- Opening Delimiter -
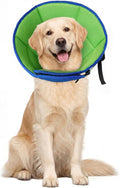 Dog Cone for Large Dogs After Surgery, Soft Dog Cone Collar for Dogs to Stop by Allroaring
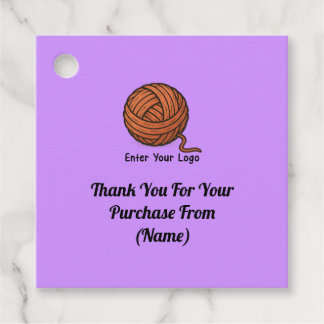 GraceMark Hang Tag with QR Code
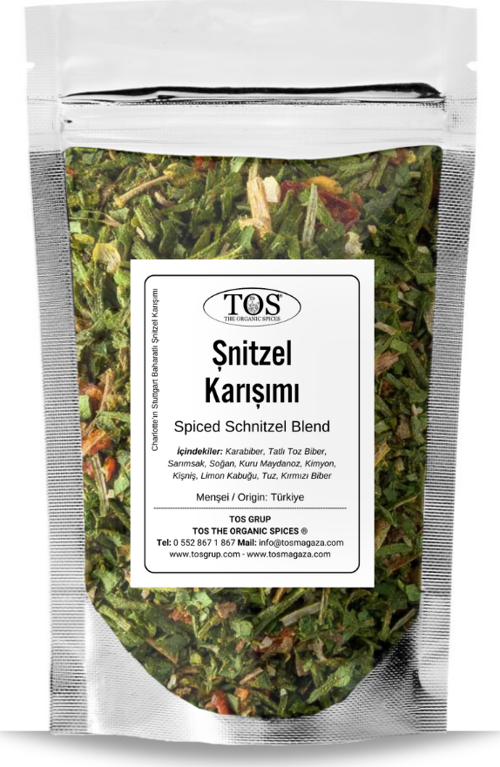 Charlotte'ın Stuttgart Baharatlı Şnitzel Karışımı 250 gr Charlotte's Spiced Schnitzel Blend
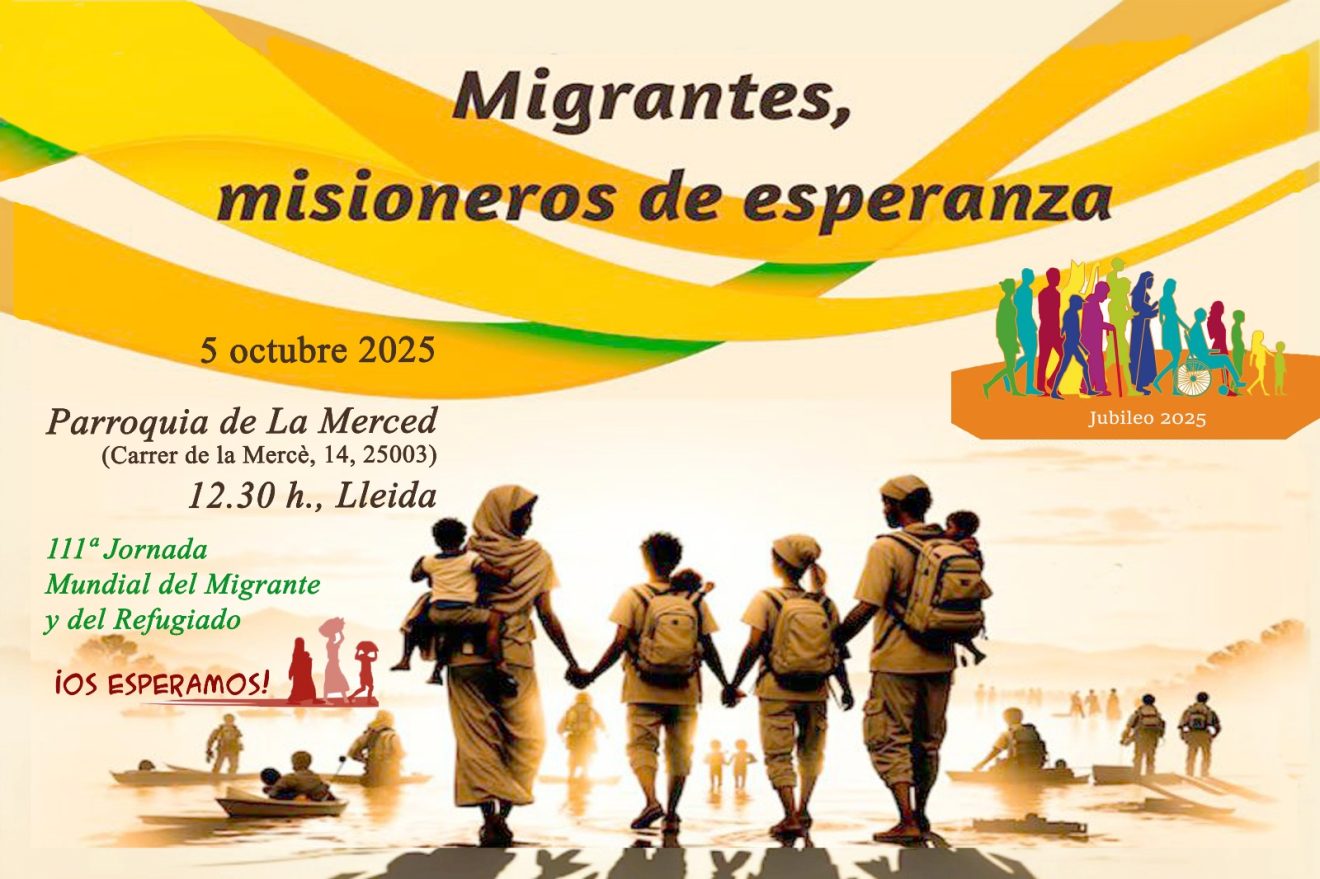 Celebració de la Jornada mundial del migrant i del refugiat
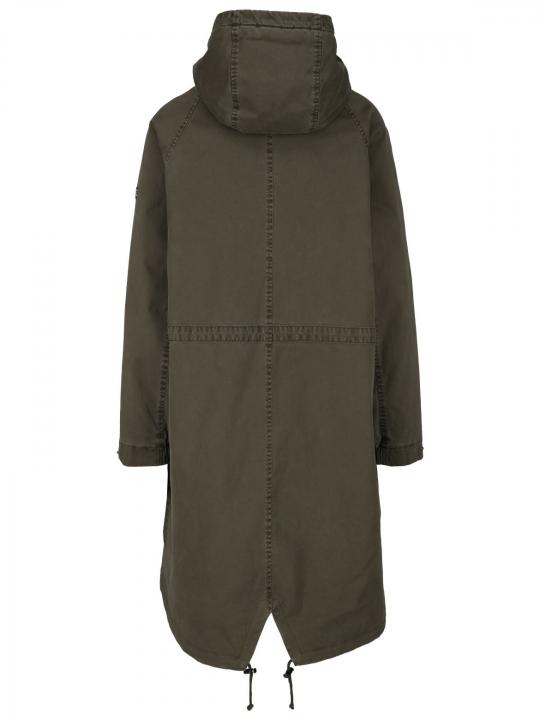 Blonde - Parka EMMA MINK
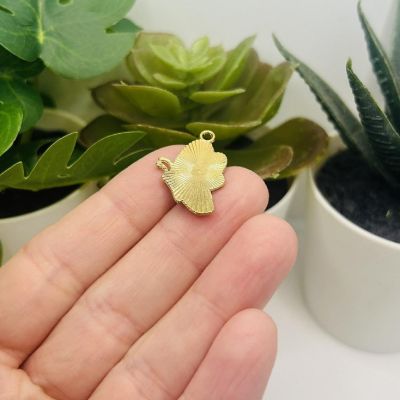 50 Pcs Pink Butterfly Charms Image 3
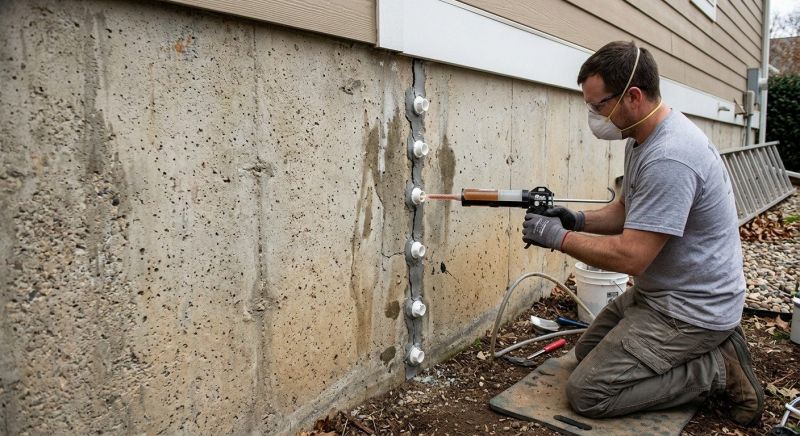 Structural Foundation Repair in Matthews, NC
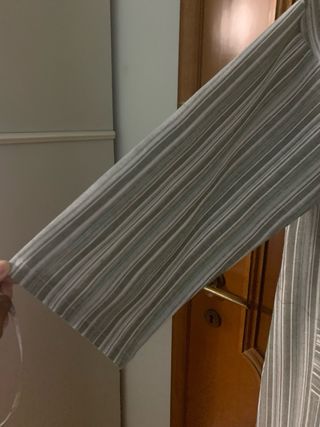 Abito lungo estivo Zanzea a righe S/M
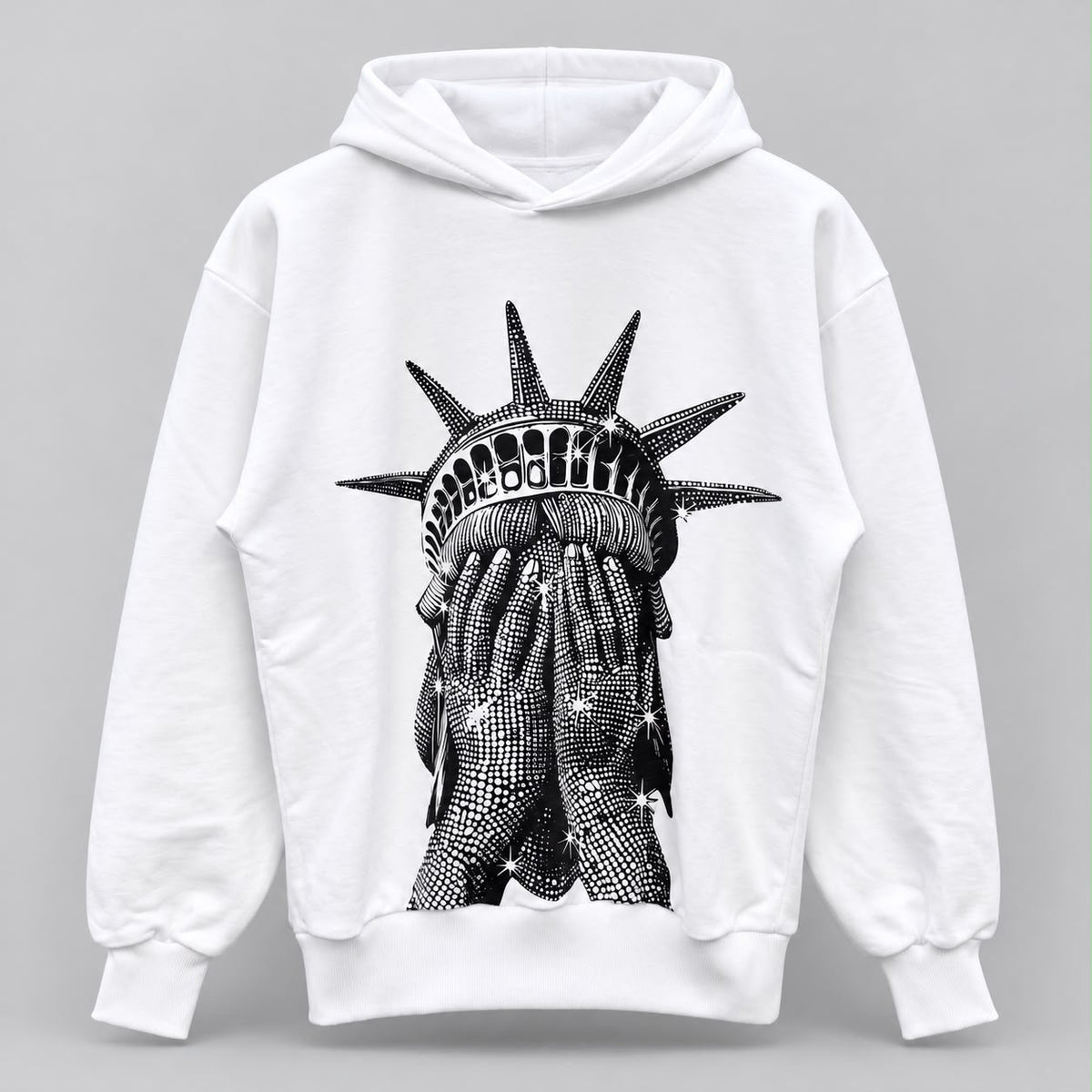 Felpa cotone statua jr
- Closing Delimiter -
Although the material contains pictures, only the lines are to be written out, exactly as they stand.

## Exercise output
 Dog Cone for Large Dogs After Surgery, Soft Dog Cone Collar for Dogs to Stop by Allroaring
 GraceMark Hang Tag with QR Code
 Charlotte'ın Stuttgart Baharatlı Şnitzel Karışımı 250 gr Charlotte's Spiced Schnitzel Blend
 Celebració de la Jornada mundial del migrant i del refugiat
 Blonde - Parka EMMA MINK
 50 Pcs Pink Butterfly Charms Image 3
 Structural Foundation Repair in Matthews, NC
 Abito lungo estivo Zanzea a righe S/M
 Felpa cotone statua jr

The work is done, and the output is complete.